Next, the operation of this antenna apparatus will be described.

In this antenna apparatus, the slot 4 has a shape such that fan-shaped portions 4b are arranged at each end of the crossing 4a in a shape of a cross, and this slot shape is obtained by deforming a cross-shaped slot formed by making two long linear slots cross perpendicular to one another. Hence, two radio waves crossing perpendicular to one another and vibrating can be radiated. That is to say, the antenna element 1 serves as perpendicular two slot antennas.

Feeding to the slot 4 is performed by the first and second feeder lines 5, 6, which are located in the diagonal line of the dielectric substrate 2 and passes through the crossing 4a. These feeder lines 5, 6 can be realized with a simple construction formed in a linear form.

Since these feeder lines 5, 6 are located on the backside of the conductive plate portion separating the fan-shaped portions 4b, there is little influence provided to the radiated wave by the feeder lines 5, 6.

Another embodiment will now be described.

The feeder lines 5, 6 are not limited to the one shown in FIG. 3, in which the conductive foils 3, 7 on the whole face except of the portion of the feeder lines are removed by etching, and may be formed by a coplanar line where the feeder line portions are isolated from the conductive plates 3, 7 by a thin groove. By using the antenna element 1 shown in FIG. 1 having a slot 4 formed on the conductive plate 3 overlapped on the front face of the dielectric substrate 2, coplanar lines 10, 11 are arranged along the conductive plate portions separating the fan-shaped portions 4b, as shown in FIG. 4, so that respective coplanar lines 10, 11 pass through the crossing 4s. The coplanar line 10 is divided into coplanar lines 10a, 10b so as not to come in contact with the coplanar line 11 at the crossing 4a, and these coplanar lines 10a, 10b are connected to the through holes 2a, 2b, to thereby form an integral coplanar line 10 via a jumper 10c formed on the back face of the dielectric substrate 2. As a result, an antenna apparatus similar to that shown in FIG. 2 is realized.

With the antenna apparatus having the structures shown in FIG. 3 and FIG. 4, the antenna element 1 radiates radio waves symmetrically in the frontal direction and in the backward direction (most part of the conductive plate 7 is removed in the production process). If it is desired to obtain a property of radiating radio wave only in the frontal direction, a reflecting plate may be arranged on the backside of the dielectric substrate 2.
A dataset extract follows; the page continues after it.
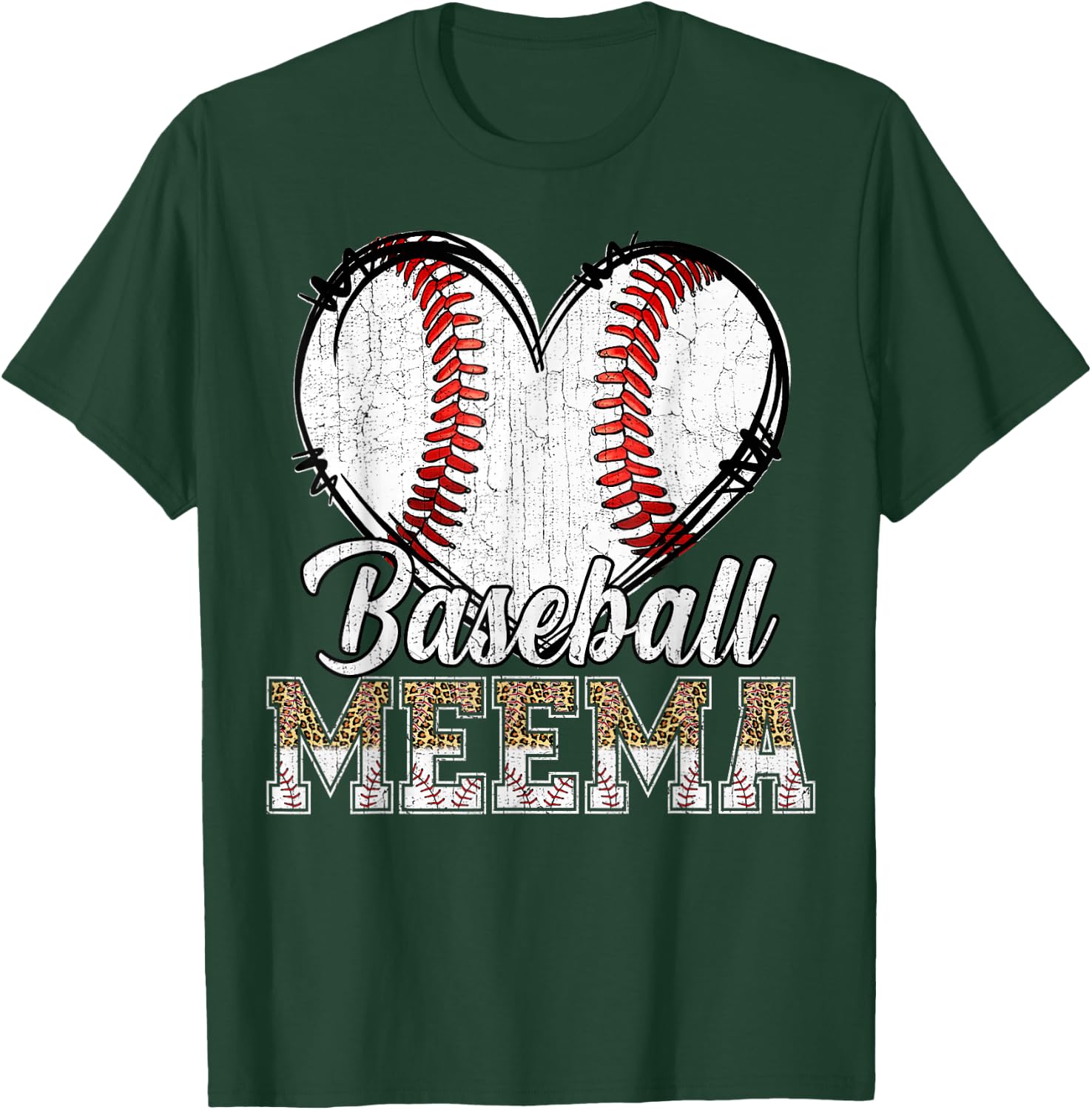 Softball Baseball Meema Heart Leopard Print Mother's Day T-Shirt - T-Shirt | Forest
In the antenna apparatus shown in FIG. 5, a reflecting plate 12 is installed at a position separated with a predetermined space from the back face of the dielectric substrate 2, on the backside of the above-described antenna element 1. This reflecting plate 12 can work as a reflecting plate by forming a conductive plate in substantially the same shape as that of the dielectric substrate 2 and attaching it to the antenna element 1 via supports 13 so as to face the antenna element 1.

With this antenna apparatus, since the reflecting plate 12 reflects the radio wave radiated in the backward direction from the antenna element 1, radiation characteristics only in the frontal direction can be obtained, and radio wave can be radiated efficiently in the frontal direction.

In order to enlarge the band of the radio wave radiated from this antenna apparatus, an electric characteristics adjusting plate may be arranged on the front side of the antenna element 1. In the antenna apparatus shown in FIG. 6, an electric characteristics adjusting plate 14 is installed at a position separated with a predetermined space from the front face of the conductive plate 3, on the front side of the above-described antenna element 1. This electric characteristics adjusting plate 14 can alleviate the frequency characteristics of the antenna element 1 by forming a conductive plate in an optional shape smaller than the antenna element 1, for example in a circular shape, and attaching it to the antenna element 1 via supports 15 so as to face the slot 4.

With this antenna apparatus, the radio wave from the antenna element 1 is radiated with directivity in the frontal direction. However, since the electric characteristics adjusting plate 14 is arranged on the front side of the antenna element 1, not only the resonance by means of the antenna element 1 but also resonance by means of the electric characteristics adjusting plate 14 can be obtained, and hence radio wave can be radiated efficiently over the broadband.

In the antenna apparatus shown in FIG. 7, a slot 20 is formed on the electric characteristics adjusting plate 14. The slot 20 comprises four linear slots located in the extended direction or in the orthogonal direction to each other, and these four slots are arranged in parallel to each linear portion 4c, 4d of the slot 4.

With this antenna apparatus, influence with respect to each other can be can be suppressed between the two perpendicular slot antennas realized by the antenna element 1.

Arranging a plurality of antenna elements in series in the perpendicular direction in order to enhance the transmission ability constitutes an antenna apparatus in a ground station in the mobile phone system. The present invention is applicable to this antenna apparatus having these pluralities of antenna elements.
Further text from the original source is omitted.